• **Collected data**:
● ● ●
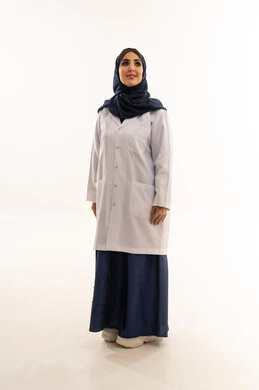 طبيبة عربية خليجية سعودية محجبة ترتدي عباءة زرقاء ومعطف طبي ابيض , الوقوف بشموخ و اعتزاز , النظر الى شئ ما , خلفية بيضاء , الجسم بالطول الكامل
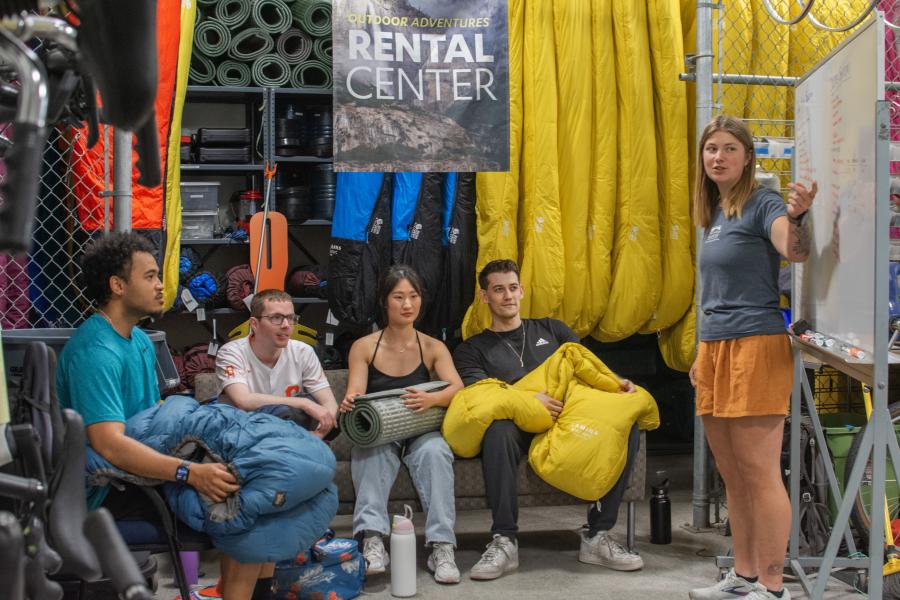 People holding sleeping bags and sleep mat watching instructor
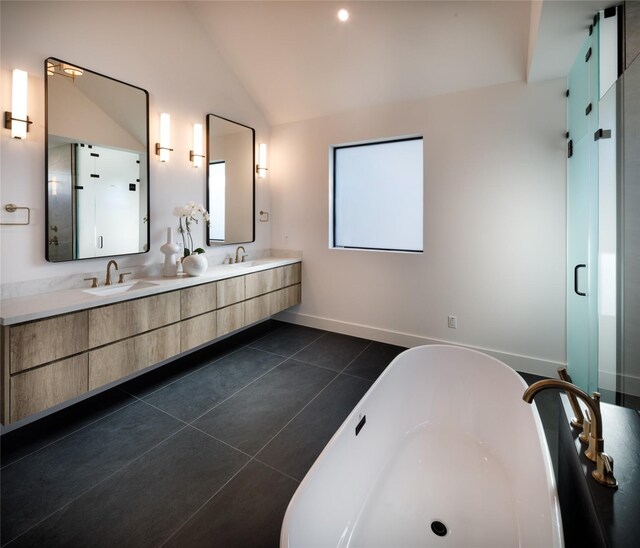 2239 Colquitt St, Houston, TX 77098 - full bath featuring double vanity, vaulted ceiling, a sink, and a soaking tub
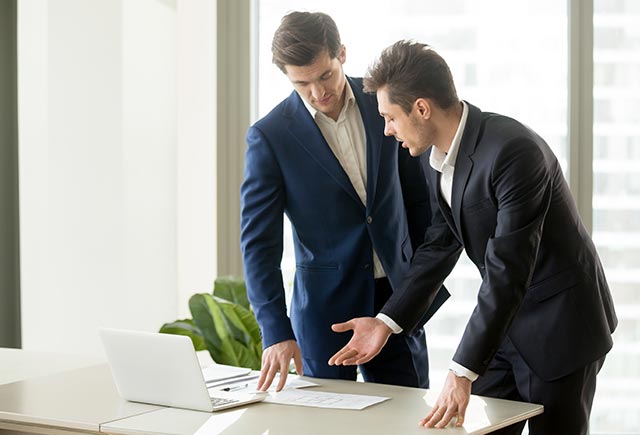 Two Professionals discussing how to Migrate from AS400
● ● ●
• **Assignment**: Set down all of the material above exactly as written, leaving the pictures out.

• **Answer box**:
 طبيبة عربية خليجية سعودية محجبة ترتدي عباءة زرقاء ومعطف طبي ابيض , الوقوف بشموخ و اعتزاز , النظر الى شئ ما , خلفية بيضاء , الجسم بالطول الكامل
 People holding sleeping bags and sleep mat watching instructor
 2239 Colquitt St, Houston, TX 77098 - full bath featuring double vanity, vaulted ceiling, a sink, and a soaking tub
 Two Professionals discussing how to Migrate from AS400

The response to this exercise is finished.